本文简单分析介绍了capstone2llvmir源码与本地编译运行的方式,适合初步学习汇编转ir的原理并自己做简单修改,编译运行,做出自己的简易asm2llvmir小程序,有了llvmir,就可以优化、去混淆、干坏事了,详见本菜之前的文章
https://bbs.pediy.com/thread-265335.htm利用编译器优化干掉虚假控制流
https://bbs.pediy.com/thread-266323.htm利用编译器优化干掉控制流平坦化
ps:有些比较复杂的asm2ir转换源码里面没有,需要自己试着写,慢慢完善,然后编译成为自己的工具
recdec的源代码里很重要的部分capstone2llvmir与bin2llvmir,功能是把汇编转换为llvmir,我认真学习了这个神器并记录笔记
源代码https://retdec-tc.avast.com/repository/download/Retdec_DoxygenBuild/.lastSuccessful/build/doc/doxygen/html/files.html
它介绍里面有一个capstone2llvmirtool入门https://github.com/avast/retdec/wiki/Capstone2LlvmIr,我把它大概意思整理了一下
1.完整语义翻译 完全把汇编语法翻译成ir,只对于足够简单的指令 ps:很多不常用指令翻译源码里没有,如果碰到需要模仿源码自己写
2.翻译为内部函数call 把一些汇编翻译成大多数编译器理解的内部函数,比如翻译一些跳转
3.翻译为伪代码call 根据Capstone反汇编信息创建伪代码call翻译指令 ps:看到这些call对应的汇编没被翻译,而它对于优化又很重要,就可以着手自己写翻译函数了,不重要直接忽略就行
4.不翻译 忽略一些难以翻译的指令
1.创建空的LLVM IR module
2.初始化Capstone engine 和其他数据结构
3.创建架构运行环境,也就是寄存器相关数据结构什么的
3.1把汇编地址映射为ir全局变量
@_asm_program_counter = internal global i64 0
; ...
; add eax, 0x1234 @ 0x1000
store volatile i64 4096, i64* @_asm_program_counter
; ... LLVM IR sequence for the add instruction
; sub ebx, 0x1234 @ 0x1005
store volatile i64 4101, i64* @_asm_program_counter
; ... LLVM IR sequence for the sub instruction
3.2控制流伪代码函数生成,为什么不用ir是因为ir通过块标签跳转而不是像汇编一样通过地址
Control-flow-related pseudo functions are generated.

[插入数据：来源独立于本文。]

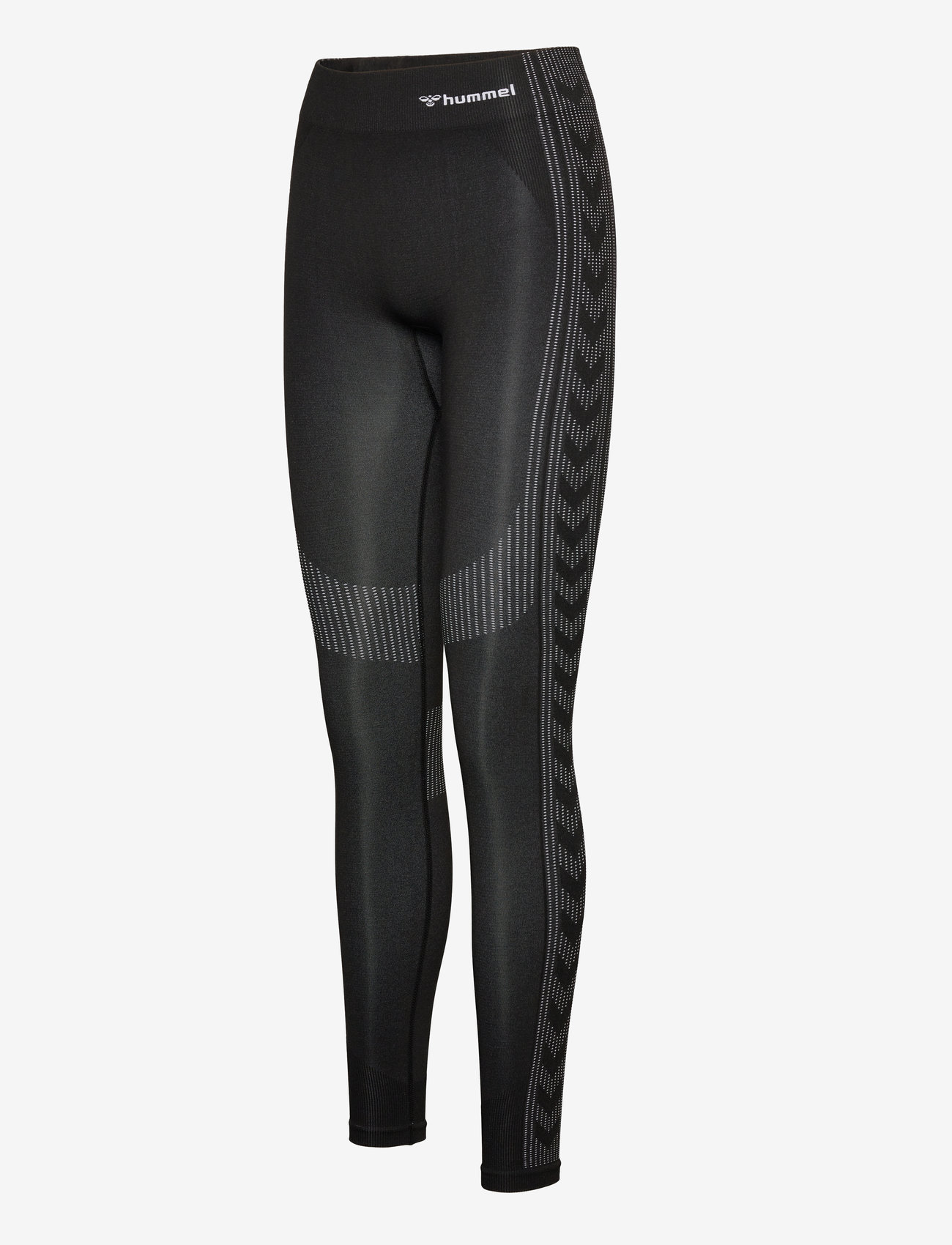 Hummel - hmlSHAPING SEAMLESS MW TIGHTS - trainingstights - black - 3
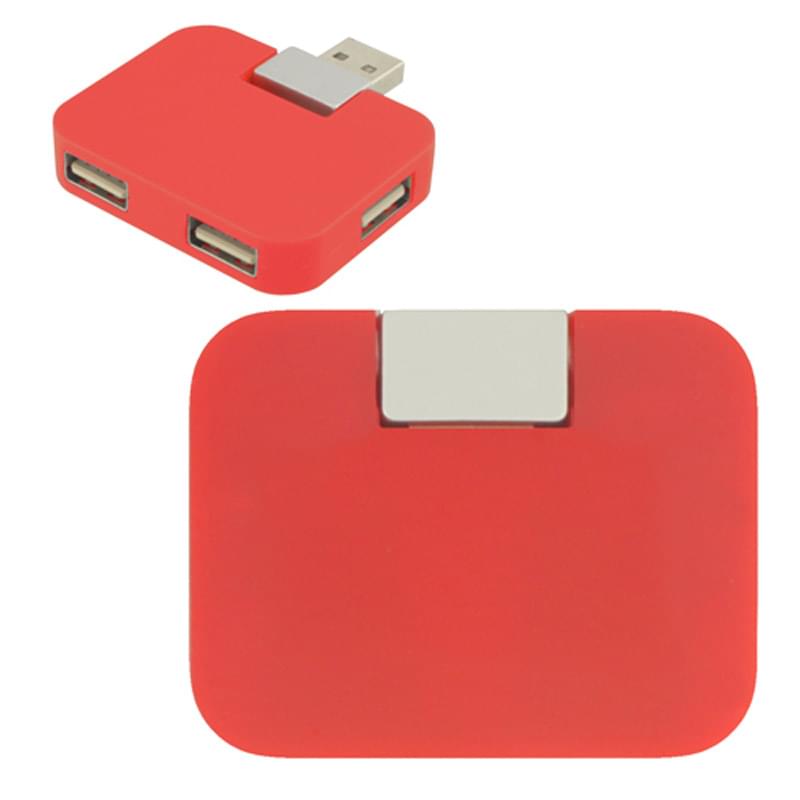 4 Port Mini USB Hub 2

; void (i<architecture_size> target_address)
declare void @__pseudo_call(i32)
; void (i<architecture_size> target_address)
declare void @__pseudo_return(i32)
; void (i<architecture_size> target_address)
declare void @__pseudo_branch(i32)
; void (i1 condition, i<architecture_size> target_address)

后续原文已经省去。